YOUR INSTRUCTIONS:
Line by line, print the records exactly, and keep images out of the copy.

SUPPLIED INFORMATION:

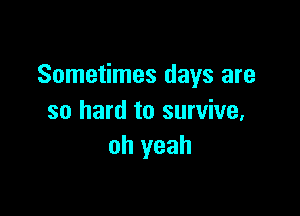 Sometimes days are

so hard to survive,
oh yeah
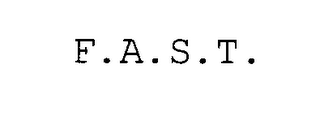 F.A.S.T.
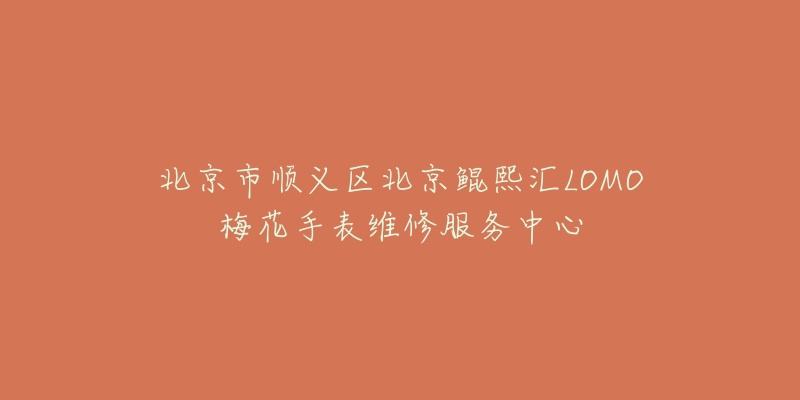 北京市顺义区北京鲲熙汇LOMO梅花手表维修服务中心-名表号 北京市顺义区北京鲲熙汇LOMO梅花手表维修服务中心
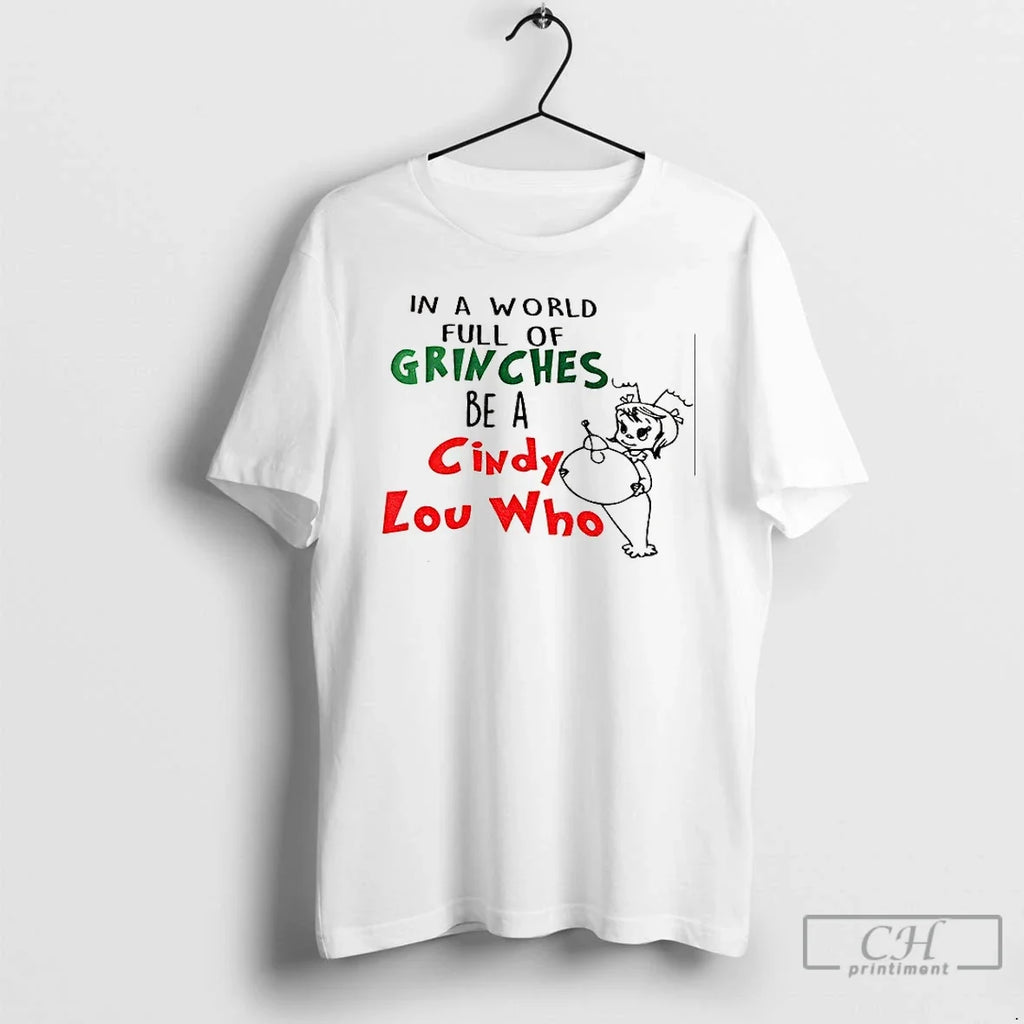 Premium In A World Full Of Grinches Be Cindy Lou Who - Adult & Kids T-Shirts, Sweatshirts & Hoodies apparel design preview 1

SOLUTION FOR THIS TASK:
 Sometimes days are

so hard to survive,
oh yeah
 F.A.S.T.
 北京市顺义区北京鲲熙汇LOMO梅花手表维修服务中心-名表号 北京市顺义区北京鲲熙汇LOMO梅花手表维修服务中心
 Premium In A World Full Of Grinches Be Cindy Lou Who - Adult & Kids T-Shirts, Sweatshirts & Hoodies apparel design preview 1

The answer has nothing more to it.